Hace tiempo que miraba al horizonte y no veía nada más que una fina línea. Hace tiempo que sentía que no importaba cuánto, cómo ni por dónde caminase, que seguía estando igual de lejos. Fijarse objetivos imposibles harán que termines con acciones imposibles y mientras, obcecado y reticente miras hacia el frente, y no te das cuenta de todo lo que existe a los lados, no sabes dónde pisas, si es tierra, césped o asfalto, porque te da igual, es que ni siquiera te has parado a pensarlo.
Y a veces, sólo a veces, hace falta un poco de la llamada cordura para parar y observar tu reloj que indica las y cuarto; que igual el reloj no solo mide el tiempo, sino también enseña hacia dónde mirar, por eso soy más de manecillas que de digital.
Ahora, si tengo que mirar hacia algún lugar infinito, incalcanzable, miro al cielo. Allí no parece que haya ningún precipicio y además, no sé quién lo pinta pero debe ser un artista. Y las estrellas... ¿quién las habrá puesto ahí arriba? Ya no miro el reloj, el cielo me dice qué hora es, ese señor que lo pinta y lo pone de otro color ayuda a que sepa cuándo he de irme a casa. Donde ya me sé el camino.

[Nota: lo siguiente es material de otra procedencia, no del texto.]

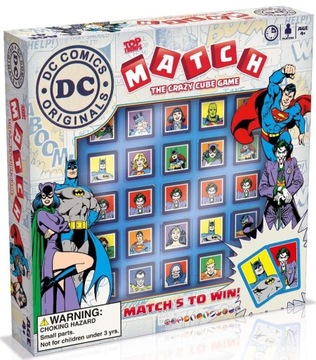 ЛУЧШИЕ КОЗЫРИ МАТЧ 5 ИГРА DC COMICS РЕТРО БЭТМЕН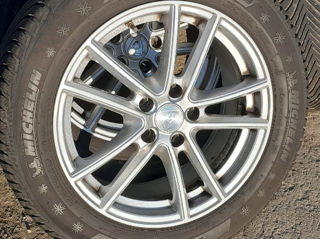 225 55 R17 Michelin Alpin 5 iarnă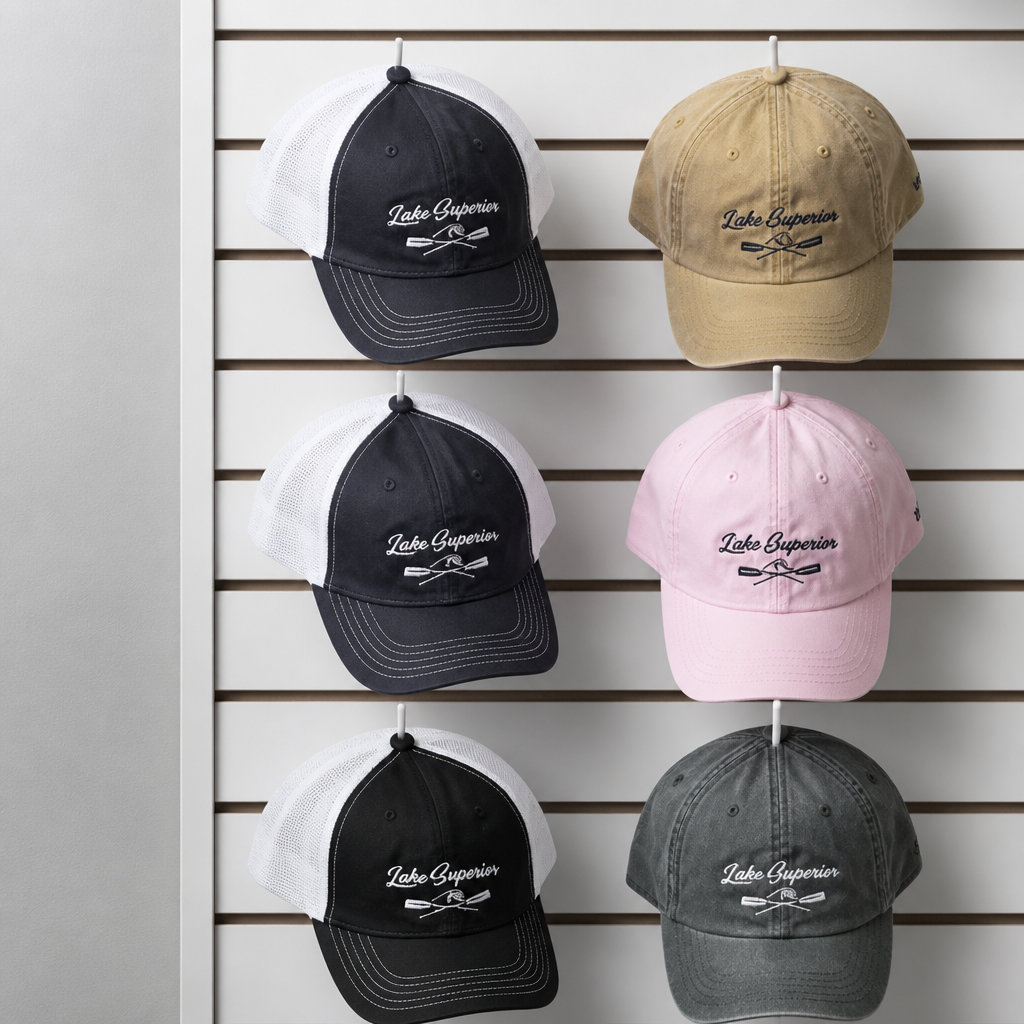 Lake Superior Ball Caps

No me llaméis aburrida por hacer siempre lo mismo. Que igual se abren caminos, pero no de los que han de ser andados sino pensados, de esos importantes, de los que te abren la mente y te llevan a respuestas posibles. Preguntas cortas, de las que sabes contestar, donde no da el resultado final decimal. Porque si dá, ya pensamos que lo tenemos mal.
No quiero responder a preguntas imposibles porque siempre he odiado el justifica tu respuesta.